The Share-Nothing Architecture

Although I used to think otherwise, PHP scales very well and probably easier than other platforms like Java, ASP.NET and Perl (using mod_perl) and I’ll tell you why. But first I’ll tell what scalability is and how it’s different from speed, as they’re often mixed up.

People tend to say that because their product is really fast, it scales well. That’s wrong. Scalability is “the capability of a system to increase performance under an increased load when resources (typically hardware) are added.” (source: Wikipedia) In other words, will you be able to handle the slashdot load when you add another processor and double the memory? Will you be able to handle roughly twice as many concurrent requests when you set up a second server? Will your application even work when you duplicate your servers? So even if your application’s pages take 2 seconds to load, under no load, and your competitor’s load in half a second, that does not imply that your competitor’s scales better.
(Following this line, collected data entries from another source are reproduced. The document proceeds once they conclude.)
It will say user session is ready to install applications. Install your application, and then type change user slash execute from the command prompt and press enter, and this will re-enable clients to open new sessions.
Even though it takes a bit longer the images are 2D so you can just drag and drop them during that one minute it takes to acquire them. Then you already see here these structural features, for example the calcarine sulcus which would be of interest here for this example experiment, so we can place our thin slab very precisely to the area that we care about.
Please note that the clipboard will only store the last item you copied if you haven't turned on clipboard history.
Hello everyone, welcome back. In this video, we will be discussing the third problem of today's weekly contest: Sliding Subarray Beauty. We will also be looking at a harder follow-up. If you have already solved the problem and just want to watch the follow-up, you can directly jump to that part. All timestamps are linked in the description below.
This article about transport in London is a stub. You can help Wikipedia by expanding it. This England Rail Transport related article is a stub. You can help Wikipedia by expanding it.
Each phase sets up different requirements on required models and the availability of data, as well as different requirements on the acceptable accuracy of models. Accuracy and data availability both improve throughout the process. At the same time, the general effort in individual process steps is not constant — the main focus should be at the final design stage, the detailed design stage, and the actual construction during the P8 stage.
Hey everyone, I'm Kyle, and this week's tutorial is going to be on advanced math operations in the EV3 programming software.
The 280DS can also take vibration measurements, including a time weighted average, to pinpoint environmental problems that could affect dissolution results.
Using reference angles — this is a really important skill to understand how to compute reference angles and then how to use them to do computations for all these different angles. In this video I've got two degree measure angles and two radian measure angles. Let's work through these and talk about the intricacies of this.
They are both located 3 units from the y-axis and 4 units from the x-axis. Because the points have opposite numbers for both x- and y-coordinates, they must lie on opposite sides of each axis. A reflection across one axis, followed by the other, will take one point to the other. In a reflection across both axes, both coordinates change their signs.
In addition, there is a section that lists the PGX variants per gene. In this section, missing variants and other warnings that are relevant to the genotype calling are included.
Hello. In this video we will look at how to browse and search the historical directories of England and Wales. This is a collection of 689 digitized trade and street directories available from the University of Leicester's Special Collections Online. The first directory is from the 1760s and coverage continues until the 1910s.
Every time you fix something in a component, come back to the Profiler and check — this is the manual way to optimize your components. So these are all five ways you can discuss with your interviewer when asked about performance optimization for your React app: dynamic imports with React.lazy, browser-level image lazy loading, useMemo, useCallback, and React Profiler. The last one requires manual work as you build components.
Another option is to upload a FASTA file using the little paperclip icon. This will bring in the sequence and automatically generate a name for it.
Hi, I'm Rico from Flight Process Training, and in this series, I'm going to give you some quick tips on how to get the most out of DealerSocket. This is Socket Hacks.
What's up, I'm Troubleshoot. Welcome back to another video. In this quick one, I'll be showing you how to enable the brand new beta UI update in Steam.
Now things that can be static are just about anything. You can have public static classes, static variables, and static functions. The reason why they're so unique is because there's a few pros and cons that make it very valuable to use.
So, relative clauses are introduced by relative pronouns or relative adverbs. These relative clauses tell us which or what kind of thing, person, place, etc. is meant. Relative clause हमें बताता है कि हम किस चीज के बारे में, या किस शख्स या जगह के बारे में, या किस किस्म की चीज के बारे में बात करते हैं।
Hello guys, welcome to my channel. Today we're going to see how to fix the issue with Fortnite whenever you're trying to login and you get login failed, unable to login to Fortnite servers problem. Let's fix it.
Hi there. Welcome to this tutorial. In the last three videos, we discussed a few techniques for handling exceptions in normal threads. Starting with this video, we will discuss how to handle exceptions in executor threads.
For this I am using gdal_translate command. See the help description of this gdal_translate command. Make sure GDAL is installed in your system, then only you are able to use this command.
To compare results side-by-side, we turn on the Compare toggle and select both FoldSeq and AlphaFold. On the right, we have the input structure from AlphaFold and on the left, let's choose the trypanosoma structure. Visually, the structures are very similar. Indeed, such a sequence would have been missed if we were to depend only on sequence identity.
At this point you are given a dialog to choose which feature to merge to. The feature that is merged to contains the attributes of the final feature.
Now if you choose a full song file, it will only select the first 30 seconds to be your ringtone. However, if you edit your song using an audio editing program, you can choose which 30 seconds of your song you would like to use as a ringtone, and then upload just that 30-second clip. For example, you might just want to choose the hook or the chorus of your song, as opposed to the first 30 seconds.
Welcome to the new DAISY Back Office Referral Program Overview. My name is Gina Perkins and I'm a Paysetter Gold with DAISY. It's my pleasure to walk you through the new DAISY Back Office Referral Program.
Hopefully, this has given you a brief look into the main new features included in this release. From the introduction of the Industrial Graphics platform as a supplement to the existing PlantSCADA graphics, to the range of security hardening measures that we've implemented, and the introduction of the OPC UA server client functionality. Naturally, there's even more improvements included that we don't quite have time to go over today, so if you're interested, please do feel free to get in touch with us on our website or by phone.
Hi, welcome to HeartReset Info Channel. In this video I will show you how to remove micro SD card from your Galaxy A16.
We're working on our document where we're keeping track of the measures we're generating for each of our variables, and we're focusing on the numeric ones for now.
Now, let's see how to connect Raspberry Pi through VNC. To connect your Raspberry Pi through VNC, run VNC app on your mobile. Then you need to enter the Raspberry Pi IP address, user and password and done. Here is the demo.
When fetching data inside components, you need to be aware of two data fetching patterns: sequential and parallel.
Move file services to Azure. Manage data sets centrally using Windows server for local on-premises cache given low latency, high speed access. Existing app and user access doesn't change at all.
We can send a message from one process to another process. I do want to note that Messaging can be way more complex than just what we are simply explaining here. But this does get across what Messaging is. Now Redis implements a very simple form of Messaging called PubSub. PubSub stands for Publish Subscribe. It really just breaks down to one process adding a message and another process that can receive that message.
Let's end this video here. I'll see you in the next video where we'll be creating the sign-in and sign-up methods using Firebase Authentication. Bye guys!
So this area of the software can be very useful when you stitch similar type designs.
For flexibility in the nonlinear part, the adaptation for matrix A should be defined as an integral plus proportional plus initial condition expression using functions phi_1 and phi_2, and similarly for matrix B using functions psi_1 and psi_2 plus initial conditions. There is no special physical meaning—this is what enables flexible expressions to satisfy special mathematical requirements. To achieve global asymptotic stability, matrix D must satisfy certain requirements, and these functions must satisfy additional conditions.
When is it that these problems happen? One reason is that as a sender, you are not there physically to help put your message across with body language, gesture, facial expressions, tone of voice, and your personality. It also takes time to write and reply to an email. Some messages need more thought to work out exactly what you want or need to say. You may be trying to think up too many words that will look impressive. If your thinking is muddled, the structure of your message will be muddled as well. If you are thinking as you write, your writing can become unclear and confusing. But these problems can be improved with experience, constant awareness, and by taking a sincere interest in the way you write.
When I chose Java to develop KeyTopic in, I did so because I could finally do some interesting things with caching data. The cool thing about servlet containers, where Java web applications live in, is that it’s very possible to keep objects persistent in memory through requests. So it’s possible to have, say, a in-memory counter that is increased by 1 on every request. How fast and efficient is that? ASP.NET and mod_perl (and probably others) have similar features. Using this techniques I could just cache the data of all categories and boards in memory, so I could lower the amount of queries needed to the database. There’s one problem with this though and you may guess what it is… Yes, indeed, it’s scalability.

A big scalability problem with caching data is called the cache-coherence problem. What if one server can’t handle the traffic anymore and a second one is added. This can simply be done by putting a so-called load balancer as main entry. The load balancer will spread the requests over all servers that are available at that time. This way the load is balanced.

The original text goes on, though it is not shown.